Web page caption snippets
::::

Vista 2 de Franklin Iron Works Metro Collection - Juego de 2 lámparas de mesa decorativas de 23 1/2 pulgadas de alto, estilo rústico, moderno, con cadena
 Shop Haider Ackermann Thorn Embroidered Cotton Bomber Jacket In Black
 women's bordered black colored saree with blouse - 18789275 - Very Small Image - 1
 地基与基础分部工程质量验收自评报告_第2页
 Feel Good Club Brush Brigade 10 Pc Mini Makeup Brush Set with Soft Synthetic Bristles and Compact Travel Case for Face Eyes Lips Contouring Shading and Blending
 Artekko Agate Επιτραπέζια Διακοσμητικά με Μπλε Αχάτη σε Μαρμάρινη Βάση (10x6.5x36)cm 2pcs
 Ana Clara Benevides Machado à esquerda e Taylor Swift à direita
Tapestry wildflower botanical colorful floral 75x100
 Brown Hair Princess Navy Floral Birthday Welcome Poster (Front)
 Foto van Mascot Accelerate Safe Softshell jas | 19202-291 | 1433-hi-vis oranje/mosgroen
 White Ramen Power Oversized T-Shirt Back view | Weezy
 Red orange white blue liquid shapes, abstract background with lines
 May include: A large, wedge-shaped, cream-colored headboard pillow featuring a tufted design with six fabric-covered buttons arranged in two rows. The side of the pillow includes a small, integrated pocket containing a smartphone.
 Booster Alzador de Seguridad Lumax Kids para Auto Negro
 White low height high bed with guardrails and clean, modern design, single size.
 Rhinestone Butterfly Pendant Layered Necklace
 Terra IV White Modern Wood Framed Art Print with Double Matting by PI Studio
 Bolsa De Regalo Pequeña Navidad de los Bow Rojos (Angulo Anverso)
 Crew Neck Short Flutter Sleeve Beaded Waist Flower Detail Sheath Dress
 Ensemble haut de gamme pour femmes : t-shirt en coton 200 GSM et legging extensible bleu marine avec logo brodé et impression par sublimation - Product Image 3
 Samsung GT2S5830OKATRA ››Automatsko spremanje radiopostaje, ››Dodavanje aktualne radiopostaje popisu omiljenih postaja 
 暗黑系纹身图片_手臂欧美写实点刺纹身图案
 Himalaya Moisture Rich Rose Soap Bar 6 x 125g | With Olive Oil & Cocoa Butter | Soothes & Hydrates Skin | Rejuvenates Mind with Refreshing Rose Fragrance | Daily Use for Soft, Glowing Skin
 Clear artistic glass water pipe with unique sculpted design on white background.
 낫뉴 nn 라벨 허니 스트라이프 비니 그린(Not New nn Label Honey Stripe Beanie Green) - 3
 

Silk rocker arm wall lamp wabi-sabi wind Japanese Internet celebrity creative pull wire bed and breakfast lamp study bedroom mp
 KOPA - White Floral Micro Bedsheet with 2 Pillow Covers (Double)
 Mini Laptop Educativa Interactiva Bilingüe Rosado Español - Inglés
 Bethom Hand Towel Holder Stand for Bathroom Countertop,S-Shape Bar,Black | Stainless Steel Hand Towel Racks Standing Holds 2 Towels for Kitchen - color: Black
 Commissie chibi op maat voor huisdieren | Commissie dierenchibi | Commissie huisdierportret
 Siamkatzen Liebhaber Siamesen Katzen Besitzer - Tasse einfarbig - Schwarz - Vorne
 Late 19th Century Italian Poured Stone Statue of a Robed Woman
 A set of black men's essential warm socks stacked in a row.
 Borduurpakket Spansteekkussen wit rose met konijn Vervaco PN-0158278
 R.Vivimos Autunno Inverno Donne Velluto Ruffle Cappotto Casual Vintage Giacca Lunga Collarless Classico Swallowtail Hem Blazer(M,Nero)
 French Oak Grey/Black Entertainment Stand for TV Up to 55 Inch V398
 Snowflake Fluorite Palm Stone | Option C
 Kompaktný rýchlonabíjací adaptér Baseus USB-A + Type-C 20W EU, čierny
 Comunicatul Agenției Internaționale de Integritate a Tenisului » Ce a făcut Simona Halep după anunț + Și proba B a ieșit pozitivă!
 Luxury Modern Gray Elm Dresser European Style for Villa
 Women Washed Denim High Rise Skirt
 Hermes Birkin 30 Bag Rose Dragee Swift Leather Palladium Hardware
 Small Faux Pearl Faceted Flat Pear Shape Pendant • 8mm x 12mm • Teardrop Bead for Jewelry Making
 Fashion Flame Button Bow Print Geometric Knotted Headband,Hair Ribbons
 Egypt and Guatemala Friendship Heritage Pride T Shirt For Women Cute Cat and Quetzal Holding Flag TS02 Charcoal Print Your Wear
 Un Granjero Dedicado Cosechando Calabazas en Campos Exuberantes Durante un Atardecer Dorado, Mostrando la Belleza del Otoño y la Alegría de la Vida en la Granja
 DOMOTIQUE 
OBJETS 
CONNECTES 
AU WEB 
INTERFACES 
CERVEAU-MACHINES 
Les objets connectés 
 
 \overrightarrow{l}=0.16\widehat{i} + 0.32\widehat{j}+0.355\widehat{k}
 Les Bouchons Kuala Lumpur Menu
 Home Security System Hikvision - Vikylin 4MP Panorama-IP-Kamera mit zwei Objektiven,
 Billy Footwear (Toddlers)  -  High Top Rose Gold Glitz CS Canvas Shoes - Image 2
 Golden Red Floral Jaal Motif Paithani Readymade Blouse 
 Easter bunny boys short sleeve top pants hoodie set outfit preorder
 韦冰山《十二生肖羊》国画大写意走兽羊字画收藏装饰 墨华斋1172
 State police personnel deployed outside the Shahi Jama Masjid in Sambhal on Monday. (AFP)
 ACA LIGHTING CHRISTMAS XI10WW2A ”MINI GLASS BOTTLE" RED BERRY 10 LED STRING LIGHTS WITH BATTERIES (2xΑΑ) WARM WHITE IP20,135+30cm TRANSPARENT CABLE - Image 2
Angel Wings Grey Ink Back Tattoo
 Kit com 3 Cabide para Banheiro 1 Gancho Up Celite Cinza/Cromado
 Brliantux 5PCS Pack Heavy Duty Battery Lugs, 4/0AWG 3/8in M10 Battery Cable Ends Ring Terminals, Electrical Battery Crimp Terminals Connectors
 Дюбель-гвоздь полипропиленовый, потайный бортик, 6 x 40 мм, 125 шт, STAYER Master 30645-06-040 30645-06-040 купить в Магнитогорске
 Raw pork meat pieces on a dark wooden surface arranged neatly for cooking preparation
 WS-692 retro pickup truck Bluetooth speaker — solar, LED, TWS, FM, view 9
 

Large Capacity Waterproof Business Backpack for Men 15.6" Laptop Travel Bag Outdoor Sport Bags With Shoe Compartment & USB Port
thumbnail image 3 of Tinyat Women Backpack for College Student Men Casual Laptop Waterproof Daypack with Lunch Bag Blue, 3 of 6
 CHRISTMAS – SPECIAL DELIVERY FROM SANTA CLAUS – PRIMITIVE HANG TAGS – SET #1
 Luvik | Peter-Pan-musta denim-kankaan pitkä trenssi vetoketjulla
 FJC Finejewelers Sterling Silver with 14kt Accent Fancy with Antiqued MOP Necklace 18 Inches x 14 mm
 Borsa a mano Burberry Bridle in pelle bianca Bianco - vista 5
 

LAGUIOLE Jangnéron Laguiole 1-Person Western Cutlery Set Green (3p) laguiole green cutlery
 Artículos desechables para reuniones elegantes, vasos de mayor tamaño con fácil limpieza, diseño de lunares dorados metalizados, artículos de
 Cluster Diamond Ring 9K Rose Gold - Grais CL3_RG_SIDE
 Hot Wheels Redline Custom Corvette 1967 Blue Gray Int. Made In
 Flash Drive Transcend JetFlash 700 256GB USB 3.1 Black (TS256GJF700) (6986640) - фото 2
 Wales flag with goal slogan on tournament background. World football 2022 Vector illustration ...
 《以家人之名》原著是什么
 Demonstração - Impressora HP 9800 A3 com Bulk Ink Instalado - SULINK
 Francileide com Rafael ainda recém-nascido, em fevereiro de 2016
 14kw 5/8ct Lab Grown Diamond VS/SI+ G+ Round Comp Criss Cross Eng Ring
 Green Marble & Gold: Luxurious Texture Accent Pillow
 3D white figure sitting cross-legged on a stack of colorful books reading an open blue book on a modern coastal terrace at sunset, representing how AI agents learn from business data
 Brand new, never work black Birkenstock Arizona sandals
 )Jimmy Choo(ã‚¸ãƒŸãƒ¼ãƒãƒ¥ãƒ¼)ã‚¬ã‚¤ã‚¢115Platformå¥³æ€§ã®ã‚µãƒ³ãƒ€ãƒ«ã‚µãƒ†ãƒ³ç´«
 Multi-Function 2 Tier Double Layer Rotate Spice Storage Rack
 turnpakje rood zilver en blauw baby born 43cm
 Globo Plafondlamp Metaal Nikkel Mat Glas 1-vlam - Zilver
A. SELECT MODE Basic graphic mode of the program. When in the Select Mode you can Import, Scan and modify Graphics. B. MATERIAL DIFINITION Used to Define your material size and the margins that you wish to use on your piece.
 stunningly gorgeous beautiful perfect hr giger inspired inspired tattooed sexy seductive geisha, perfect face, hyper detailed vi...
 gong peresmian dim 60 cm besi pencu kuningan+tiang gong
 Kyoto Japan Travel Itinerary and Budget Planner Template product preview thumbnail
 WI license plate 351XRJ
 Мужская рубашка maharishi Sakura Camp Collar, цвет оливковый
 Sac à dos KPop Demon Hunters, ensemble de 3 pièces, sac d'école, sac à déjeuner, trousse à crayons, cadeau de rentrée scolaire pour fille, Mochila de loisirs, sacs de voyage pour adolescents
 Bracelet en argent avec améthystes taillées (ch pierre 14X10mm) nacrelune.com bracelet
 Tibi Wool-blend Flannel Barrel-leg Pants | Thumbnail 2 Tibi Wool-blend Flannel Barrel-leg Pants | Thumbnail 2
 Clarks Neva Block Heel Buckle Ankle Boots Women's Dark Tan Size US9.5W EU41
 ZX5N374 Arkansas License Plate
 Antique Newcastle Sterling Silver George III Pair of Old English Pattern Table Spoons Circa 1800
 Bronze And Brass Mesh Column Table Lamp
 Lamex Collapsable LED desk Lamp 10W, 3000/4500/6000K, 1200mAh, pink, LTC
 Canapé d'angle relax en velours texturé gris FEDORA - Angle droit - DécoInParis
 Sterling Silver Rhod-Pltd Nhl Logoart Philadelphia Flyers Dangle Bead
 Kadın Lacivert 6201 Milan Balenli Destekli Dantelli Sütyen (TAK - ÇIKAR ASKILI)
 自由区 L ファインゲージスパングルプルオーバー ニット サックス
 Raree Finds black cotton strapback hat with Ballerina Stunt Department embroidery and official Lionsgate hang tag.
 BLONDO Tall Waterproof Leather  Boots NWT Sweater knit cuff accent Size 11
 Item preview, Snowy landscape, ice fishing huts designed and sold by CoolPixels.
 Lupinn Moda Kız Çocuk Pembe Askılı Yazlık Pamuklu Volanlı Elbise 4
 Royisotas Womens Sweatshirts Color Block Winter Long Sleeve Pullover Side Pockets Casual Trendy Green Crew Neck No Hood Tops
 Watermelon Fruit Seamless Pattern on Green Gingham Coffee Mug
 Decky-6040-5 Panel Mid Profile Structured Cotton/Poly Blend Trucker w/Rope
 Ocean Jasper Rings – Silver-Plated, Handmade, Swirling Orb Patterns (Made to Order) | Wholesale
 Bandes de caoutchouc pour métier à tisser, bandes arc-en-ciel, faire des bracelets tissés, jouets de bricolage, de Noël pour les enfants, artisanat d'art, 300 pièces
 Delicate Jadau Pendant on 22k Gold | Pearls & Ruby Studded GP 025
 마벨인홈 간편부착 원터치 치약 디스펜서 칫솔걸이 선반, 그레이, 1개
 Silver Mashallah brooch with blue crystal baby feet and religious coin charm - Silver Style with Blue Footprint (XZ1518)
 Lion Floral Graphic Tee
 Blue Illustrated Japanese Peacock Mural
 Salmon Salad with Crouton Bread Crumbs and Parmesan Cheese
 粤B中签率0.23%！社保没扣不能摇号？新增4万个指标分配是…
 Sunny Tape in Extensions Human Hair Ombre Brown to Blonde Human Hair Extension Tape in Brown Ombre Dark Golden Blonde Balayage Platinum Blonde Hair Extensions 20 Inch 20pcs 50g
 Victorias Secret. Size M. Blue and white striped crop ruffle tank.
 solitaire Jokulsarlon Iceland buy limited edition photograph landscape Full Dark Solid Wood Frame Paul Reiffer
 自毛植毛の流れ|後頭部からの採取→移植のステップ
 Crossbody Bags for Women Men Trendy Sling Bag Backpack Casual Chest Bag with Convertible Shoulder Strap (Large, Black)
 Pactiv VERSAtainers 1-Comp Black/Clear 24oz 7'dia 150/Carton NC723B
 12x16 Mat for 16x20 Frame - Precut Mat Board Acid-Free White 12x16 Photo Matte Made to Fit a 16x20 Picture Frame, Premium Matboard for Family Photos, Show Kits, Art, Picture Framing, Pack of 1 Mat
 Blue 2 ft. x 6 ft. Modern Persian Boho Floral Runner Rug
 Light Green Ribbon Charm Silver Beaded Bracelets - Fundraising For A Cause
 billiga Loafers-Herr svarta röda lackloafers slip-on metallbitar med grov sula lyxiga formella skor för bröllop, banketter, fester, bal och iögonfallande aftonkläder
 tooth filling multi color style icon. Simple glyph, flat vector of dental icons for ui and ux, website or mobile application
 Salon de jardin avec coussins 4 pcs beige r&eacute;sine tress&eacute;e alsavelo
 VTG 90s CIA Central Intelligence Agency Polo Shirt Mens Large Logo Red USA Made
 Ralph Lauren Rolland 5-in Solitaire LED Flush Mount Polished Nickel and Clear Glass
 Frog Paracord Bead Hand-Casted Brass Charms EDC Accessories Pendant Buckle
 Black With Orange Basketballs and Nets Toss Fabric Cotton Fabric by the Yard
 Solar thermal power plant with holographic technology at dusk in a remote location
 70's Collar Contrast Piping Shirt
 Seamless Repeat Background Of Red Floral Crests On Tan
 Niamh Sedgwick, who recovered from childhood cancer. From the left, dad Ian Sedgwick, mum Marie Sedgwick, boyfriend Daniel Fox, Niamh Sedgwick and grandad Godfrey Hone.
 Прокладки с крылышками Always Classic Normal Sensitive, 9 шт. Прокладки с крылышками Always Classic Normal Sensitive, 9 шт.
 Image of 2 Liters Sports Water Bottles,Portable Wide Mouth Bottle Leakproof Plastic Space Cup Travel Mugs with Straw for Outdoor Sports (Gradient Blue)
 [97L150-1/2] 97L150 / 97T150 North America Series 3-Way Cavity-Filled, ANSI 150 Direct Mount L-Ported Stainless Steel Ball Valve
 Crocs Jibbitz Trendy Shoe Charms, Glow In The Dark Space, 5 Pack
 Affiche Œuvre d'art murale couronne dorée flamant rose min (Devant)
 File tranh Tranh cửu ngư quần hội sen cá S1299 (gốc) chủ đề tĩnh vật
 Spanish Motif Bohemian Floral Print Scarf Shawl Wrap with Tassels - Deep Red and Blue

::::

With the line holding "thumbnail image 3" as the first and the line holding "Demonstração - Impressora" as the last, set down that range of the entries above exactly, and nothing else.

thumbnail image 3 of Tinyat Women Backpack for College Student Men Casual Laptop Waterproof Daypack with Lunch Bag Blue, 3 of 6
 CHRISTMAS – SPECIAL DELIVERY FROM SANTA CLAUS – PRIMITIVE HANG TAGS – SET #1
 Luvik | Peter-Pan-musta denim-kankaan pitkä trenssi vetoketjulla
 FJC Finejewelers Sterling Silver with 14kt Accent Fancy with Antiqued MOP Necklace 18 Inches x 14 mm
 Borsa a mano Burberry Bridle in pelle bianca Bianco - vista 5
 

LAGUIOLE Jangnéron Laguiole 1-Person Western Cutlery Set Green (3p) laguiole green cutlery
 Artículos desechables para reuniones elegantes, vasos de mayor tamaño con fácil limpieza, diseño de lunares dorados metalizados, artículos de
 Cluster Diamond Ring 9K Rose Gold - Grais CL3_RG_SIDE
 Hot Wheels Redline Custom Corvette 1967 Blue Gray Int. Made In
 Flash Drive Transcend JetFlash 700 256GB USB 3.1 Black (TS256GJF700) (6986640) - фото 2
 Wales flag with goal slogan on tournament background. World football 2022 Vector illustration ...
 《以家人之名》原著是什么
 Demonstração - Impressora HP 9800 A3 com Bulk Ink Instalado - SULINK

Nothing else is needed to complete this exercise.